* _Task description_:
Repeat everything in the listing exactly, except for the images.

* _Raw data_:
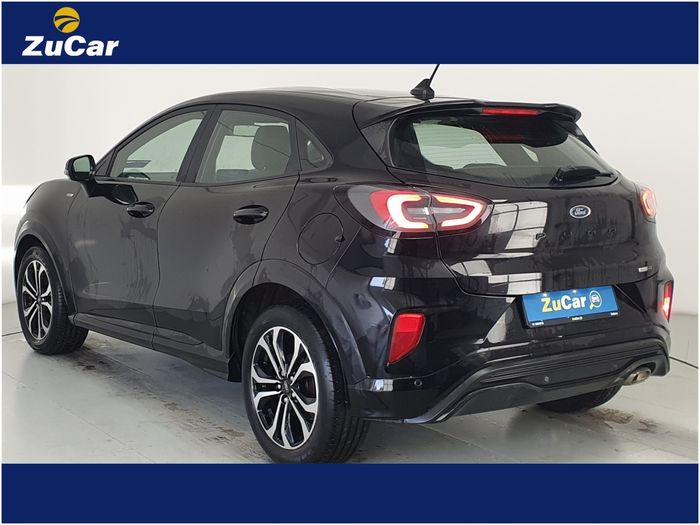 Ford Puma 2023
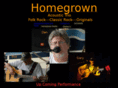 homegrowntheband.com
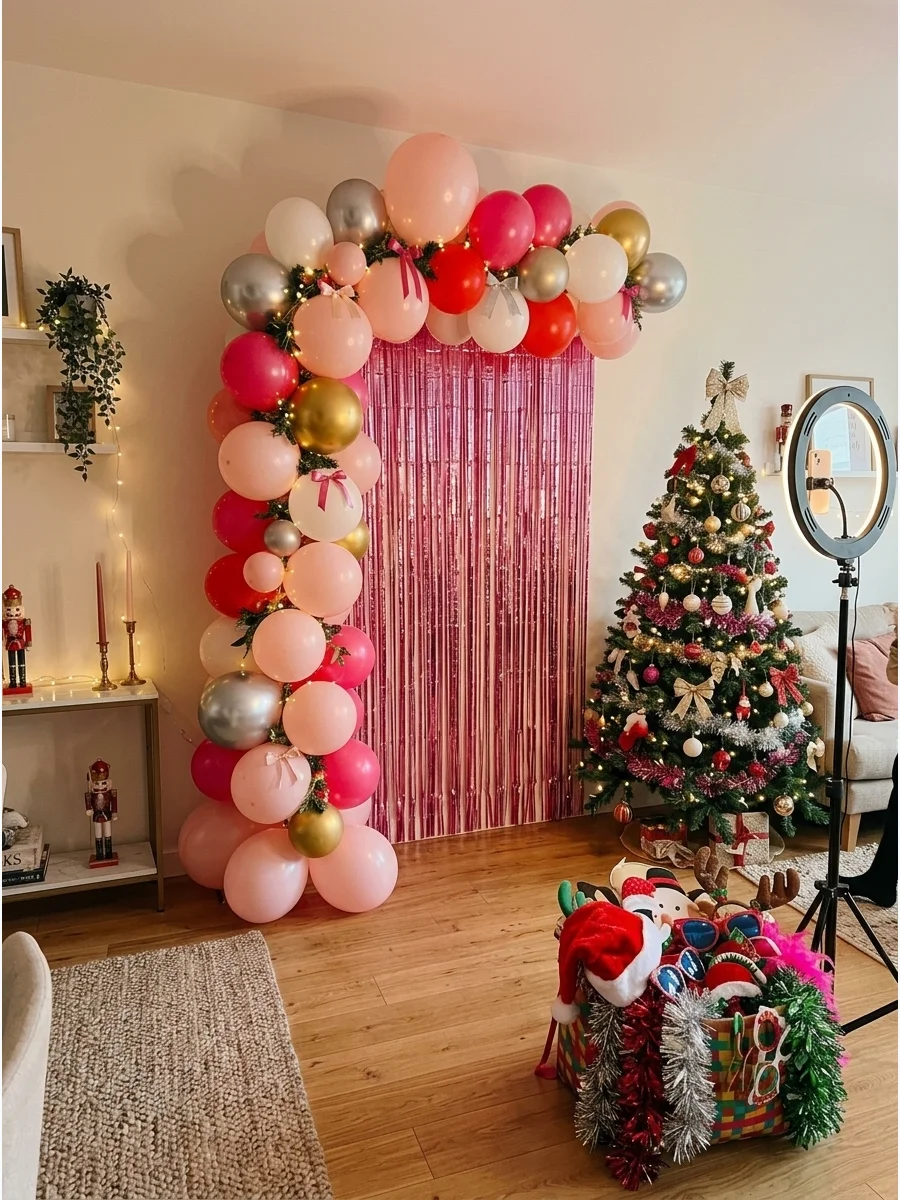 Galsmas Photo Booth support view 1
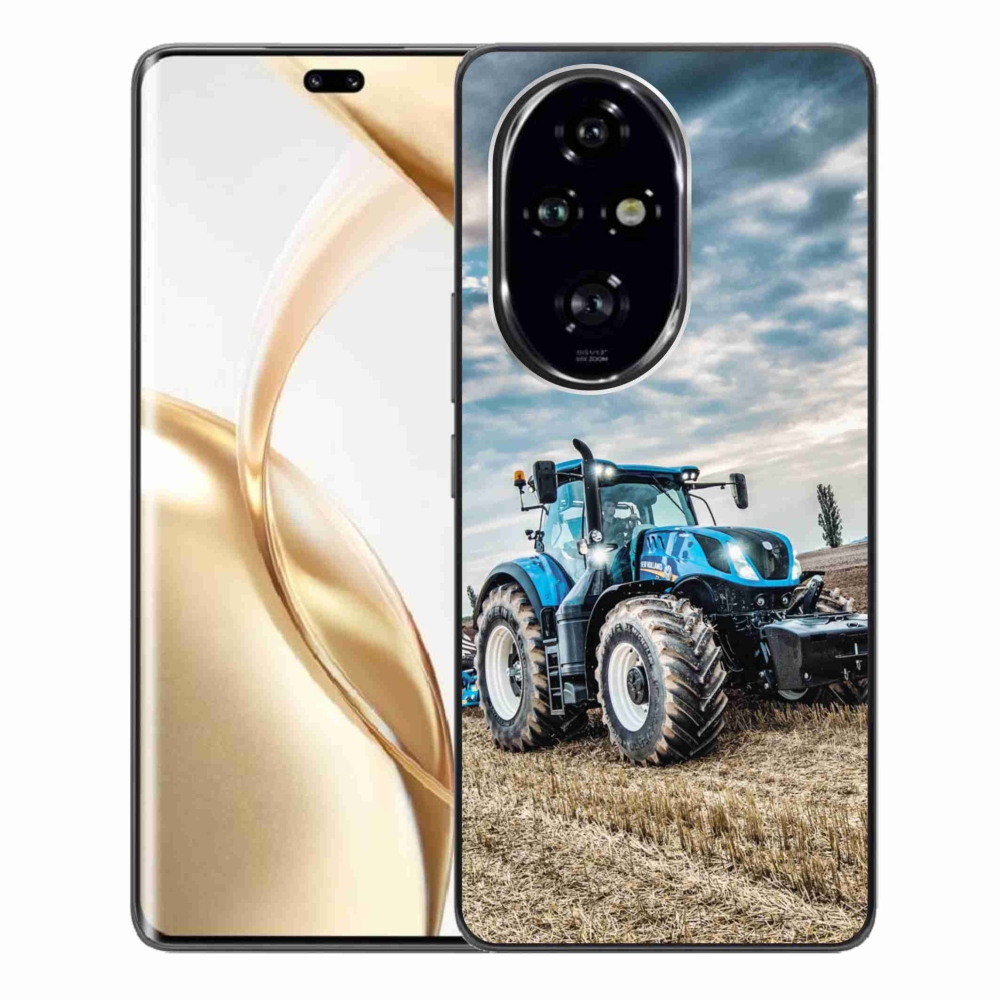 Zselés borítás mmCase a Honor 200 Pro 5G számára - traktor 2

* _Result of this task_:
 Ford Puma 2023
 homegrowntheband.com
 Galsmas Photo Booth support view 1
 Zselés borítás mmCase a Honor 200 Pro 5G számára - traktor 2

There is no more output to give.